Microsoft’s Project Oxford unveils API for speaker recognition
Microsoft recently added voice biometrics to its online suite of software development tools.
The software giant has released an API that allows programmers to leverage speaker recognition algorithms that recognize a human’s voice in audio streams. In effect, the tool allow developers of mobile and PC apps to enable voice recognition capabilities for both speaker verification and speaker identification.
The speaker verification component of the tool can automatically verify and authenticate users from their voice or speech. It is tightly related to authentication scenarios and is often associated with a passphrase. The tool thus leverages a text-dependent approach, which means speakers need to choose a specific passphrase to use during both enrollment and verification phases.
The speaker identification component of the tool can automatically identify a person speaking in a given group of prospective speakers. The input audio is paired against the provided group of speakers, and in case there is a match found, the speaker’s identity is returned. It is text-independent, which means that there are no restrictions on what the speaker says during the enrollment and recognition phases.
This “speaker recognition” API is part of Microsoft’s cloud-based “machine learning platform” called Project Oxford, which also features speech processing and face recognition tools, along with other tools that process video, language and even emotion through face recognition. Some of the APIs include the same technology used in popular Microsoft software products and services.

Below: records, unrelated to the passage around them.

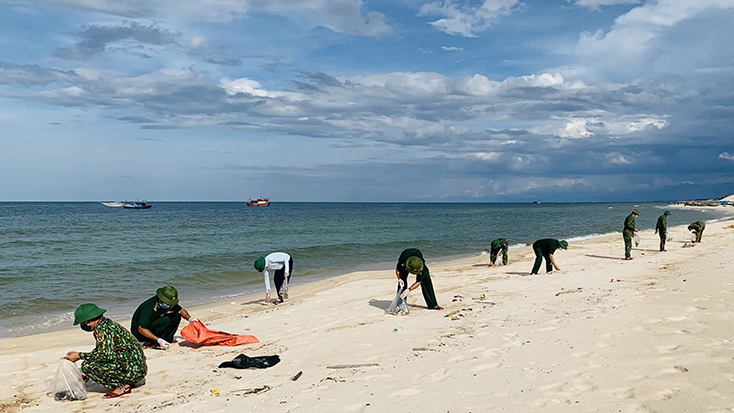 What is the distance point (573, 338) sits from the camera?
23.1ft

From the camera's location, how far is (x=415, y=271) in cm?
964

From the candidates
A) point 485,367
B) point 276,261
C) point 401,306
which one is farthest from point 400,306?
point 485,367

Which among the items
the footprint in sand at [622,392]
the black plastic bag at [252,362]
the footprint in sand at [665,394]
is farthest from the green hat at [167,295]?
the footprint in sand at [665,394]

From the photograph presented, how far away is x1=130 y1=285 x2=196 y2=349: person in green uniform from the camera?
8.23 m

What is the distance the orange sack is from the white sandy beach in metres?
0.22

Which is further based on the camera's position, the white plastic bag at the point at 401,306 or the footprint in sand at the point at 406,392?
the white plastic bag at the point at 401,306

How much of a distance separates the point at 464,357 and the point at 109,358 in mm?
4353

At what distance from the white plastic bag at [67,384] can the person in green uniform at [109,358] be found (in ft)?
0.36

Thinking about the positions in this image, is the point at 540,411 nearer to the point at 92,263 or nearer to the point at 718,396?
the point at 718,396

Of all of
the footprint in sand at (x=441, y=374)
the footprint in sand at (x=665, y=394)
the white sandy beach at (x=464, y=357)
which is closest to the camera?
the footprint in sand at (x=665, y=394)

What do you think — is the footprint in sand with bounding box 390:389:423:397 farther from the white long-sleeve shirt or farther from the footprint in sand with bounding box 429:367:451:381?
the white long-sleeve shirt

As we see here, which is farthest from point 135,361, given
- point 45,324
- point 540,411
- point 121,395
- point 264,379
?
point 45,324

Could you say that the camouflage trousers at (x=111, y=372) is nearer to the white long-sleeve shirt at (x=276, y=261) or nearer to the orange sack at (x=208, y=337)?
the orange sack at (x=208, y=337)

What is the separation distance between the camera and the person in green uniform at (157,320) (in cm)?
823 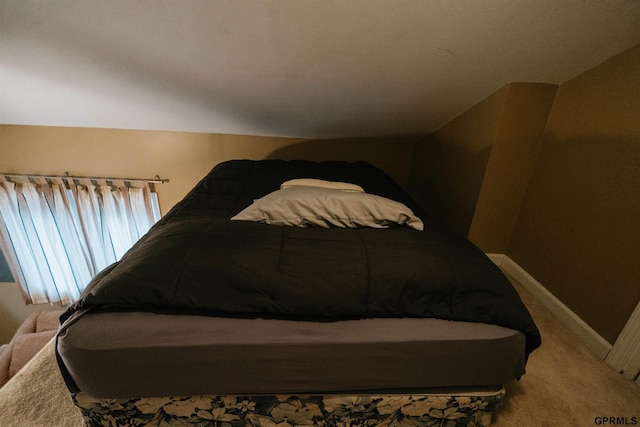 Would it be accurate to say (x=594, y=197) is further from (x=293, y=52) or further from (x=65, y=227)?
(x=65, y=227)

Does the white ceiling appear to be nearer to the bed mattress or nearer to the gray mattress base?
the bed mattress

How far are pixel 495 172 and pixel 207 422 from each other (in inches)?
84.3

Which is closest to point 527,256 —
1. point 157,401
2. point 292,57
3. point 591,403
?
point 591,403

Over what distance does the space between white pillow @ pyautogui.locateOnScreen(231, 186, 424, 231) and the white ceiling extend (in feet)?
2.78

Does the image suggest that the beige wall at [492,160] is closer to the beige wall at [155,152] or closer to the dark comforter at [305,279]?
the beige wall at [155,152]

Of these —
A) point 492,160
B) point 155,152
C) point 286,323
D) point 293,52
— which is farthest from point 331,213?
point 155,152

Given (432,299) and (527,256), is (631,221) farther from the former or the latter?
(432,299)

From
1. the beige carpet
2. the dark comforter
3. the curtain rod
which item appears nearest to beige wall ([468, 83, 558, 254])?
the beige carpet

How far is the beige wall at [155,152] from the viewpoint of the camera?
2461mm

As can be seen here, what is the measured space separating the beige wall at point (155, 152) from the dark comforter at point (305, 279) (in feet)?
6.34

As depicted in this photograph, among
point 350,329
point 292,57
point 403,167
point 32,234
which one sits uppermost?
point 292,57

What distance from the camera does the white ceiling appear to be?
110 cm

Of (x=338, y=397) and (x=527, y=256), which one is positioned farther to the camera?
(x=527, y=256)

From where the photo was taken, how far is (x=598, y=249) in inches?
52.3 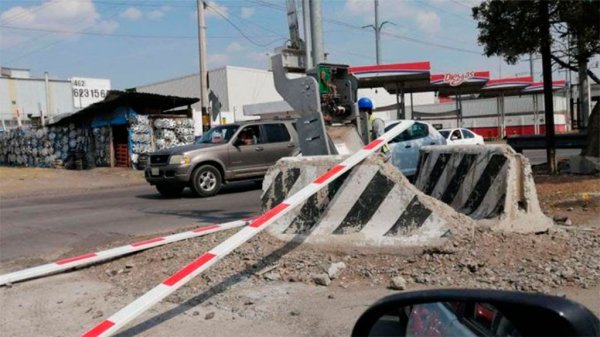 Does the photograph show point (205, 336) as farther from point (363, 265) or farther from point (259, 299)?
point (363, 265)

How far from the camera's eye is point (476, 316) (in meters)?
1.74

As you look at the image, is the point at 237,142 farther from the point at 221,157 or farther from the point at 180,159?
the point at 180,159

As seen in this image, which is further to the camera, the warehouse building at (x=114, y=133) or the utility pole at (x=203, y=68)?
the warehouse building at (x=114, y=133)

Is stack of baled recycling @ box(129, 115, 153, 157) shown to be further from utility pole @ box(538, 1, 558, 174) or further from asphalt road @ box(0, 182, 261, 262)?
utility pole @ box(538, 1, 558, 174)

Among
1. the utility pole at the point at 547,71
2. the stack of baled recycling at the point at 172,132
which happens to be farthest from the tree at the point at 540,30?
the stack of baled recycling at the point at 172,132

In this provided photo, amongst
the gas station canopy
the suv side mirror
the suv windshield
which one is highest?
the gas station canopy

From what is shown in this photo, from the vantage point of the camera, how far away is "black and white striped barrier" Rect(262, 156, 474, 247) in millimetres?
5582

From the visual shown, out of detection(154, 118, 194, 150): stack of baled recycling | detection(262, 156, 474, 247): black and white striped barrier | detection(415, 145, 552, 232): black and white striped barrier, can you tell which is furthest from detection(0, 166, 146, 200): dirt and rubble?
detection(415, 145, 552, 232): black and white striped barrier

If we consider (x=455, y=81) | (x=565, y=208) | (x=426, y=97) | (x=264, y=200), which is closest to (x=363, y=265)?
(x=264, y=200)

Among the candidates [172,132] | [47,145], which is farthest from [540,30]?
[47,145]

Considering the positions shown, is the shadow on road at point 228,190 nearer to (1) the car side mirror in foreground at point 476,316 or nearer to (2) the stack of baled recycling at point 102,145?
(2) the stack of baled recycling at point 102,145

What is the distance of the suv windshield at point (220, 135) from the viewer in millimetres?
14842

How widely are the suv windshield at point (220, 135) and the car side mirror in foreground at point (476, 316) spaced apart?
42.4 ft

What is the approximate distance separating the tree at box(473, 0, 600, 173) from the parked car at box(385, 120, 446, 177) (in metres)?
2.45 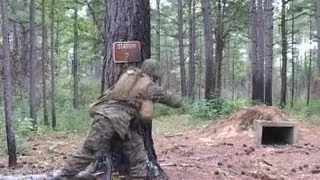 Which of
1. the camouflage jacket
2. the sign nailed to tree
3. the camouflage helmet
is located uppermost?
the sign nailed to tree

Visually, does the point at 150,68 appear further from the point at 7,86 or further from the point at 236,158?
the point at 236,158

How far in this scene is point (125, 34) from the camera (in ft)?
16.7

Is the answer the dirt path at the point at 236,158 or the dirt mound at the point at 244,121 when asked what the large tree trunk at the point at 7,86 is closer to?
the dirt path at the point at 236,158

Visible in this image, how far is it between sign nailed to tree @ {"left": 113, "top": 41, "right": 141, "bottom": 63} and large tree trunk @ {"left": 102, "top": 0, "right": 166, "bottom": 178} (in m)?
0.06

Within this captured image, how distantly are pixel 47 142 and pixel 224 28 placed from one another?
45.2 feet

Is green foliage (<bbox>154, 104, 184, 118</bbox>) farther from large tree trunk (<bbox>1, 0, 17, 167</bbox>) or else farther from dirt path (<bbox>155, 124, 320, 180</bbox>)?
large tree trunk (<bbox>1, 0, 17, 167</bbox>)

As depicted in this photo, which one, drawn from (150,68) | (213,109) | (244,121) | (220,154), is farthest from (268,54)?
(150,68)

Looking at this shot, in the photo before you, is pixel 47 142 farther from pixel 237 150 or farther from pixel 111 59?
pixel 111 59

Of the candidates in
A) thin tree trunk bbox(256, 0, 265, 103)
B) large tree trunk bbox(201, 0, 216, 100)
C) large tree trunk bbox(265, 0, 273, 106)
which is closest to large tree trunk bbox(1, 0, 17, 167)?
large tree trunk bbox(201, 0, 216, 100)

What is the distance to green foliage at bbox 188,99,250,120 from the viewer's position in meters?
14.9

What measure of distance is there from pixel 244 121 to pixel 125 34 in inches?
227

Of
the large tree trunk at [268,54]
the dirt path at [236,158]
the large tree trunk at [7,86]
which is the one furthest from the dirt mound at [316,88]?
the large tree trunk at [7,86]

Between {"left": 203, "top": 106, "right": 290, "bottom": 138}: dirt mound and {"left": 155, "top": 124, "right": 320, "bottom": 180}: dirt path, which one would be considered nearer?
{"left": 155, "top": 124, "right": 320, "bottom": 180}: dirt path

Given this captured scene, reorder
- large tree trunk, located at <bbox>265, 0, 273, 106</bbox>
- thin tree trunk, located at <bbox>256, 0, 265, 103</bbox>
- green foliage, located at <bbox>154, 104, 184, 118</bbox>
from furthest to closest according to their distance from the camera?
green foliage, located at <bbox>154, 104, 184, 118</bbox>, large tree trunk, located at <bbox>265, 0, 273, 106</bbox>, thin tree trunk, located at <bbox>256, 0, 265, 103</bbox> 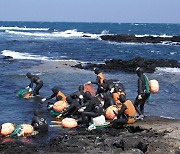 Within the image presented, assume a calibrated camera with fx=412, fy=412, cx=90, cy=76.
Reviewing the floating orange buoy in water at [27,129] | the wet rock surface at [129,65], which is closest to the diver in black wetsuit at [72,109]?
the floating orange buoy in water at [27,129]

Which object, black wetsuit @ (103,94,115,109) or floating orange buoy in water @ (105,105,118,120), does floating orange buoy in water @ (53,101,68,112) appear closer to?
black wetsuit @ (103,94,115,109)

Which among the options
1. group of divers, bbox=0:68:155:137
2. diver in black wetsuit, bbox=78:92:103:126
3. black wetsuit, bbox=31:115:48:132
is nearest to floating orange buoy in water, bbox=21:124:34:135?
group of divers, bbox=0:68:155:137

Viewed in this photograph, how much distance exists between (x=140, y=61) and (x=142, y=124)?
2209 cm

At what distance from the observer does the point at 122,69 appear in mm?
35094

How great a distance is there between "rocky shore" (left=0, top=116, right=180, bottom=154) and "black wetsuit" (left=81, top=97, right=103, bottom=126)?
0.65 meters

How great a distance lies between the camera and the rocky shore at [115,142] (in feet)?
40.3

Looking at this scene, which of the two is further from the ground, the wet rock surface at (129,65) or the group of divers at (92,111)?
the group of divers at (92,111)

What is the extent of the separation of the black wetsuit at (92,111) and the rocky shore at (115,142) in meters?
0.65

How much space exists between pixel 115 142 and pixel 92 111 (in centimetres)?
288

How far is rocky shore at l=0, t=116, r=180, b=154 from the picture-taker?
1229cm

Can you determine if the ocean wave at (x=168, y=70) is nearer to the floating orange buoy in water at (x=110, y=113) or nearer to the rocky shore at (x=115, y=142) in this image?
the floating orange buoy in water at (x=110, y=113)

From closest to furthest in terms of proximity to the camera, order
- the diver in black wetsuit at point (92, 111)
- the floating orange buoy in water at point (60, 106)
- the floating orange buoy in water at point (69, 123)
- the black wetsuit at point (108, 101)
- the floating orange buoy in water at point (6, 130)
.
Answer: the floating orange buoy in water at point (6, 130), the diver in black wetsuit at point (92, 111), the floating orange buoy in water at point (69, 123), the black wetsuit at point (108, 101), the floating orange buoy in water at point (60, 106)

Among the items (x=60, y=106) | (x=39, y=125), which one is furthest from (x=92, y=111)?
(x=60, y=106)

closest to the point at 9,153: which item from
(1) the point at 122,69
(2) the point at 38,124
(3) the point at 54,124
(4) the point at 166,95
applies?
(2) the point at 38,124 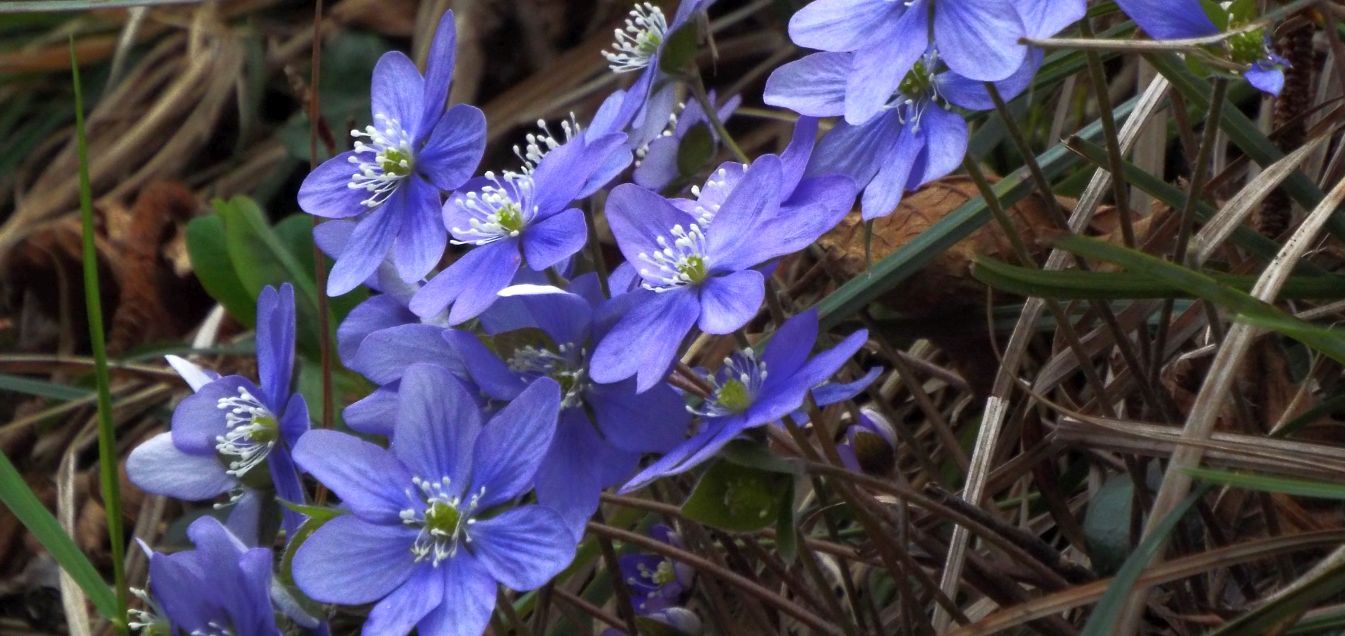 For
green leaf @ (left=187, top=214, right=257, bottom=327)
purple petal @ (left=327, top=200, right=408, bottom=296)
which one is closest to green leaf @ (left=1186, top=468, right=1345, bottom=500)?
purple petal @ (left=327, top=200, right=408, bottom=296)

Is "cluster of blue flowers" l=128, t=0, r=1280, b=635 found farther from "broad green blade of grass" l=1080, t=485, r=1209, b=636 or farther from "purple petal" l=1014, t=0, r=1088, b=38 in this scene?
"broad green blade of grass" l=1080, t=485, r=1209, b=636

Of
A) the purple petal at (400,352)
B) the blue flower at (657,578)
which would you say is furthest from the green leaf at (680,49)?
the blue flower at (657,578)

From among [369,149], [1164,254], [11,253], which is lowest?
[11,253]

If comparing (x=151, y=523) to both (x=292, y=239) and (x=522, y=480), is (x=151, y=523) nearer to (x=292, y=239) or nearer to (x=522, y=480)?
(x=292, y=239)

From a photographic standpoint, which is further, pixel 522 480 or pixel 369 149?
pixel 369 149

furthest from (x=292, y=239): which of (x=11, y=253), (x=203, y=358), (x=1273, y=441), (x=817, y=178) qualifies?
(x=1273, y=441)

“Our goal with speaker recognition is to help developers build intelligent authentication mechanisms capable of balancing between convenience and fraud,” stated Ryan Galgon, Senior Program Manager, Microsoft Technology and Research in a Microsoft-published technical blog.
He notes that “Project Oxford is just one instance of a broader class of work the company is pursuing around artificial intelligence, along with a vision for more personal computing experiences and enhanced productivity, aided by systems that increasingly can see, hear, speak, understand and even begin to reason.”
Project Oxford debuted last May at Build 2015, a developers’ conference held in San Francisco. The new project is designed to simplify processes involved with introducing complex and expensive technologies to mobile applications. As a consequence, the tool supports development and distribution of apps for iOS and Android platforms as well as various versions of the Windows OS. APIs within the project are being initially offered free in beta mode, to allow developers to evaluate the quality of the tools.